Making 3D NAND Flash – Animated Video

The good people at Coventor have graciously allowed me to post their video of the Pipe-Shaped BiCS 3D NAND flash process onto The Memory Guy blog site.  Click the image to see it play out.

Coventor tells me that they are the leading supplier of 3D modeling and simulation software for MEMS, virtual fabrication of MEMS, and semiconductors, providing software and expertise to help customers predict the structures and behavior of their designs before they commit to actual fabrication.  This video attests to the company’s strengths in that area.

As it stands today, the video is a very simple 2-minute animation with no sound, running through all the steps of the 3D BiCS process without any explanation.  At some future point I hope to add annotation and pauses at reasonable times so that it makes more sense to those who don’t have the process memorized.  Even without this finessing, it’s a pretty compelling video to watch, and it underscores the sheer complexity of this new process.

Those who haven’t already found and read my series on 3D NAND might want to look at that before trying to comprehend the video.  In that series I go into some detail of the process for both Toshiba’s BiCS (in this video) and Samsung’s TCAT or V-NAND 3D NAND processes.

The video was given to me by Sandy Wen and David Fried of Coventor who tell me that it is based on a couple of key technical papers:

  • Fukuzumi et al, “Optimal Integration and Characteristics of Vertical Array Devices for Ultra-High Density, Bit-Cost Scalable Flash Memory”, IEDM 2007
  • Katsumata et al, “Pipe-shaped BiCS flash memory with 16 stacked layers and multi-level-cell operation for ultra high density storage devices”, VLSIT 2009

Have a click and see what you think.  If you’re so moved, post a comment below.

 

 

5 thoughts on “Making 3D NAND Flash – Animated Video”

  1. Jim,
    Thanks to you and to Coventor for this animation. How many masking steps are involved? It looks like an incredible number.
    Bill

    1. Bill, You are quite welcome!

      I can’t tell you the number of masking steps, but it will probably become more clear once I get around to annotating the video.

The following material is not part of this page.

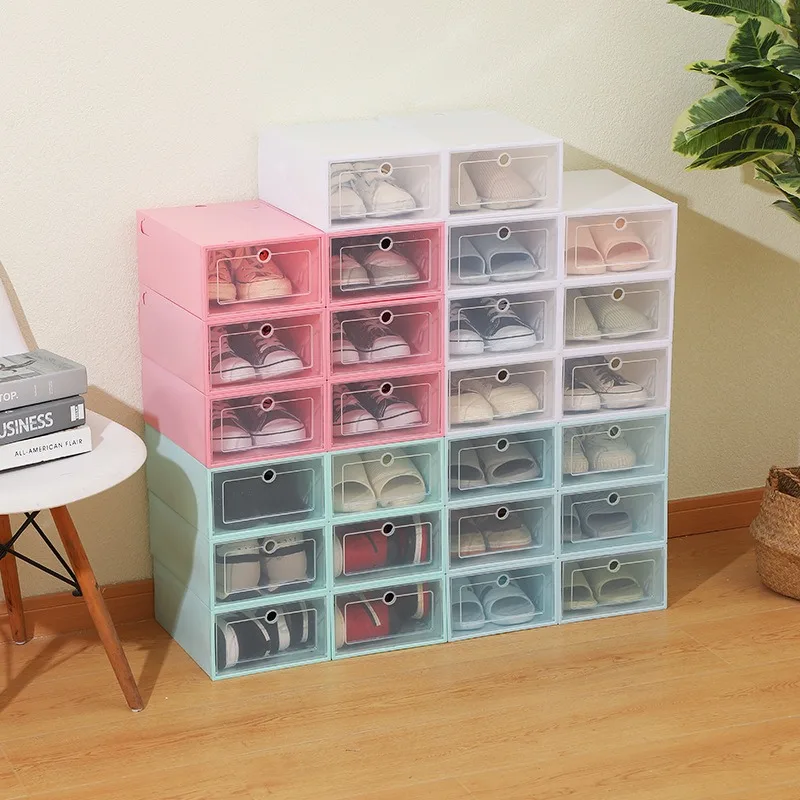storage foldable box Plastic Clear Sneaker Drop Front Shoe Box Organizer Transparent Stackable storage shoe boxes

      It’s probably far fewer than you think. When the stairsteps are being made only one mask step is used (ideally – in truth there are 3 or more). The photoresist undergoes a “Pull-back” etch for each step without involving any litho steps.

      Today NAND makers tell me that the number of mask steps is proprietary. I am sure that will change with time. They do often state, though, that 3D is not as lithography-intensive as its predecessors.